En parallèle de vos carrières de DJ et de producteur, que vous apporte votre travail pour le cinéma ?

J'adore les échanges que je suis amené à avec avoir les réalisateurs, quand on essaye de saisir les émotions et les idées à transmettre à travers une mélodie ou une sonorité. C'est très riche de travailler avec des gens qui ne sont pas musiciens, et ne parlent pas exactement le même langage que moi. Je peux passer des semaines à essayer d'habiller des scènes, à expérimenter... Et puis vient un moment où il se passe quelque chose de magique : d'un coup, la musique fonctionne avec les images. Une fois que c'est là, tout le monde le voit.

 

Comment avez-vous commencé à travailler pour le cinéma ?

J'ai mis beaucoup de temps à me faire une place, à ce que mon travail soit lisible par les réalisateurs. Mon premier projet, c'était il y a sept ans, et pendant plusieurs années je n'ai fait qu'un film par an. Aujourd'hui, des réalisateurs font appel à moi spontanément : je travaille sur plusieurs projets en ce moment, j'ai écrit la musique de deux longs métrages qui doivent sortir bientôt, le premier long métrage de Jérémie Elkaïm et ma première comédie, l'adaptation du roman graphique Zaï Zaï Zaï par François Desagnat.

 

Pour vous, qu'est-ce qu'une bonne BO ?

C'est une musique qui s'intègre parfaitement dans les images, au point qu'on peut ne pas la remarquer. J'écoute beaucoup de bandes originales des années 1960 – 1970, par exemple celles de François de Roubaix – c'était un vrai bidouilleur électronique ! Le label Transversal réédite aujourd'hui beaucoup de ses bandes originales, dont certaines n'étaient jamais sorties en vinyle. Quand on regarde le film, on ne le perçoit pas spécialement, mais quand on écoute attentivement, on se rend compte d'à quel point les sonorités sont recherchées, créatives, modernes.

 

Dans la situation actuelle, de nombreux artistes envisagent peut-être de se lancer dans la musique à l'image.
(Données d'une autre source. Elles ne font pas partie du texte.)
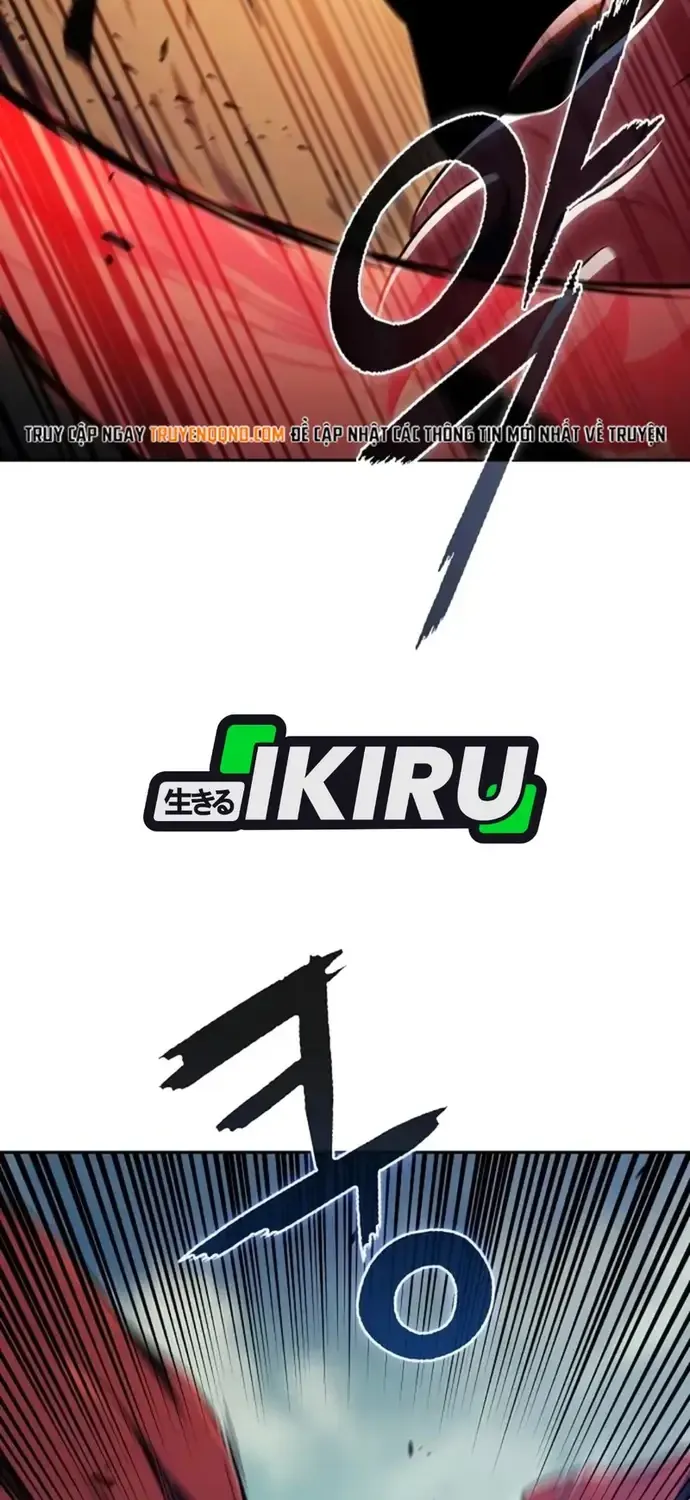 Quán Ăn Nơi Tận Cùng Thế Giới Chap 51 - Next Chap 52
Quels conseils leur donneriez-vous ?

C'est un domaine précaire, où il est très difficile de se faire une place. Je pense qu'il ne faut pas avoir peur de beaucoup travailler, d'être sous pression, d'avoir des moments parfois conflictuels, puisque tout se fait en équipe. Mais c'est extrêmement riche : ça m'a permis de développer un autre rapport à ma musique, et cela me nourrira forcément dans le reste de mon travail.